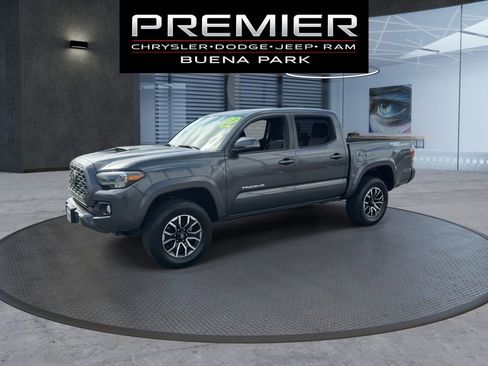 Used 2022 Toyota Tacoma TRD Sport w/ Technology Package RWD image 4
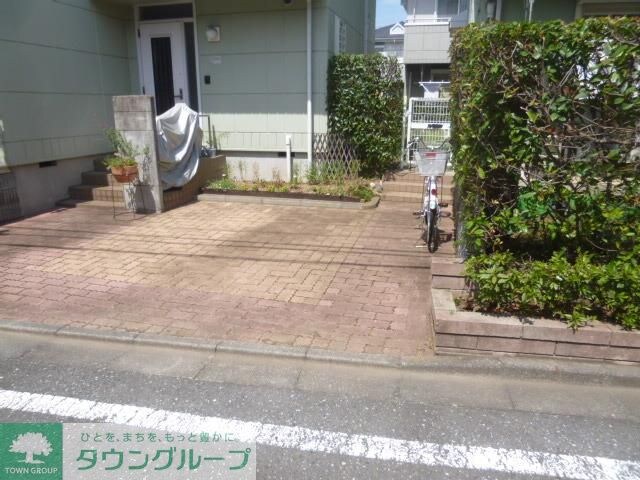 ブリージングタウン百草園の物件内観写真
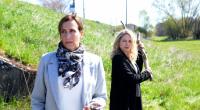 Katrin (Ulrike Frank) ahnt nichts von der Bedrohung Melanies.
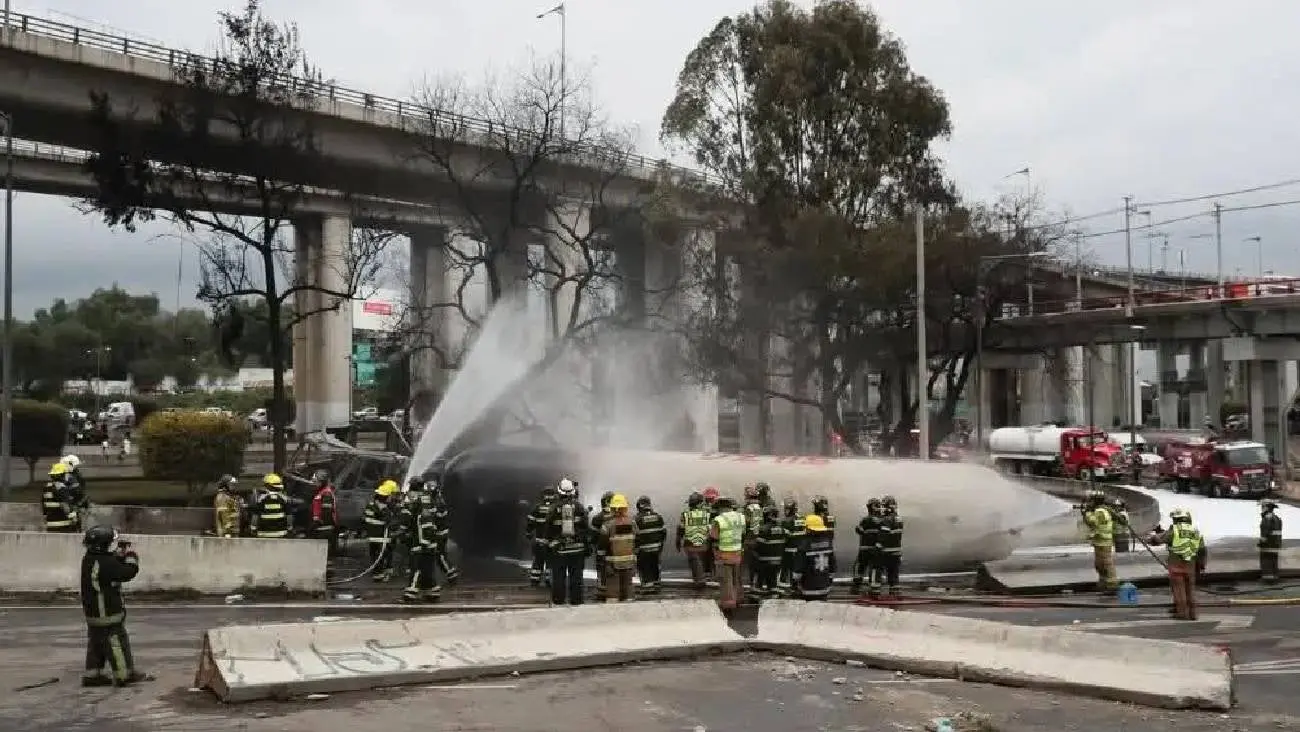 A más de un año de la explosión en el Puente de la Concordia, se recuerda a las víctimas | X: @J_Fdz_Menendez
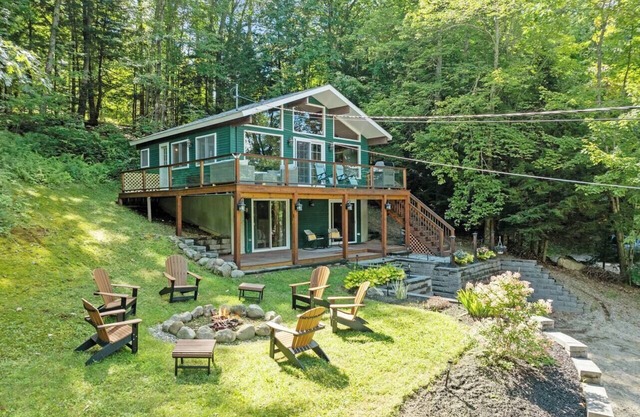 Belleau Lake Escape - Walking distance to lake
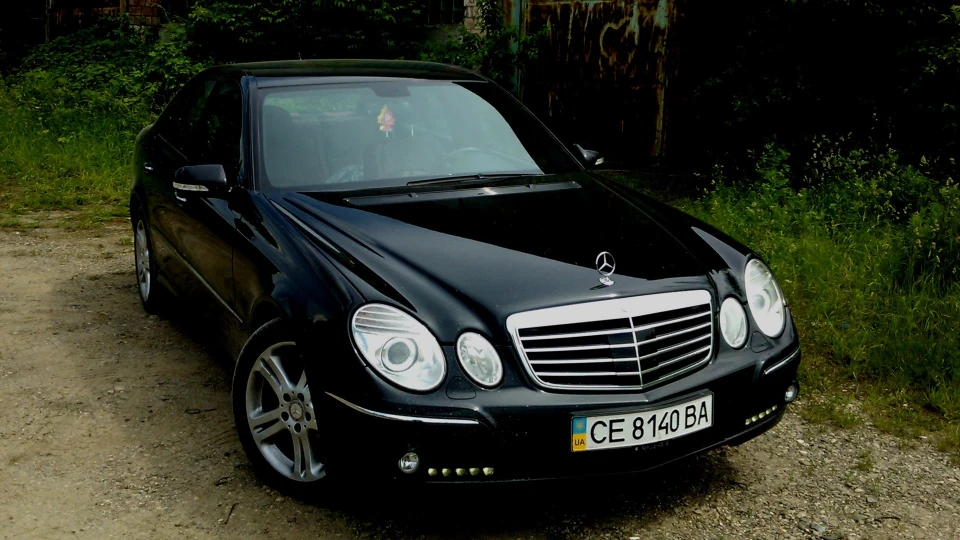 Mercedes-Benz E-Class 320CDI 4MATIC 2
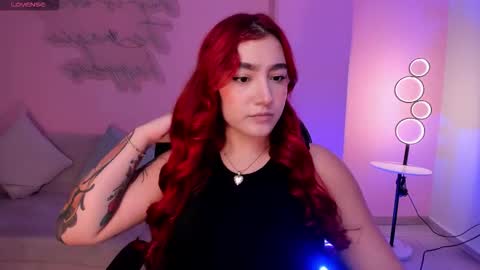 Violett Castel online show from October 6, 2025, 6:49 pm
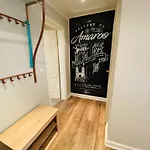 Amaroo - Serviced Apartment 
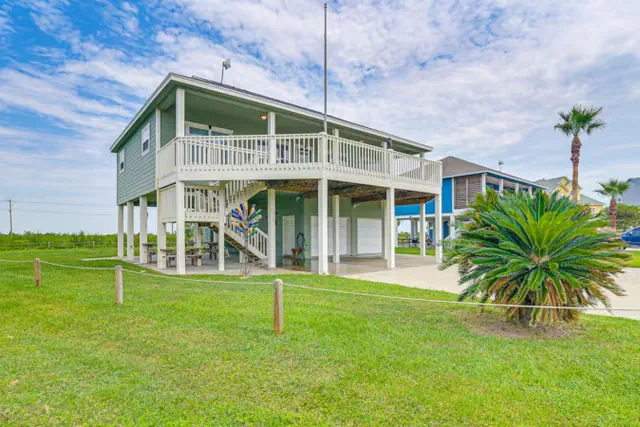 Photo 1 - Family Retreat, Hangout Garage & Fire Pit, 3Bd/2Bth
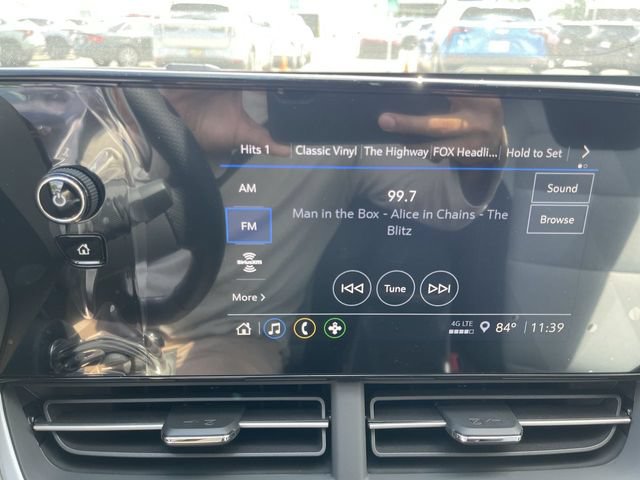 New 2026 Chevrolet Trax RS w/ Driver Confidence Package FWD image 16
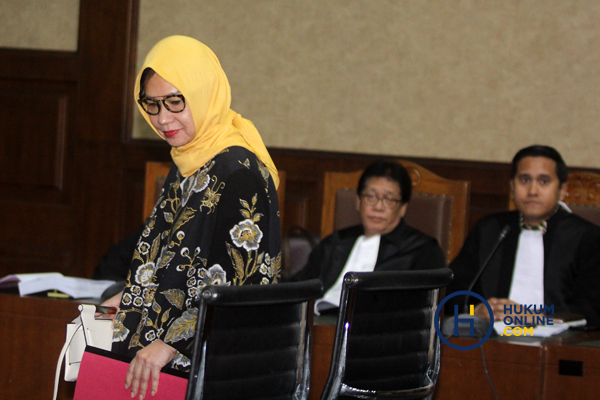terdakwa Karen Agustiawan saat sidang pembacaan putusan. Foto: RFES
##############################
**Goal of the exercise**
Would you transcribe, exactly and only, the lines from the one that contains "Belleau Lake Escape" through the last line of the data above, without any pictures?

**Answer for this exercise**
 Belleau Lake Escape - Walking distance to lake
 Mercedes-Benz E-Class 320CDI 4MATIC 2
 Violett Castel online show from October 6, 2025, 6:49 pm
 Amaroo - Serviced Apartment 
 Photo 1 - Family Retreat, Hangout Garage & Fire Pit, 3Bd/2Bth
 New 2026 Chevrolet Trax RS w/ Driver Confidence Package FWD image 16
terdakwa Karen Agustiawan saat sidang pembacaan putusan. Foto: RFES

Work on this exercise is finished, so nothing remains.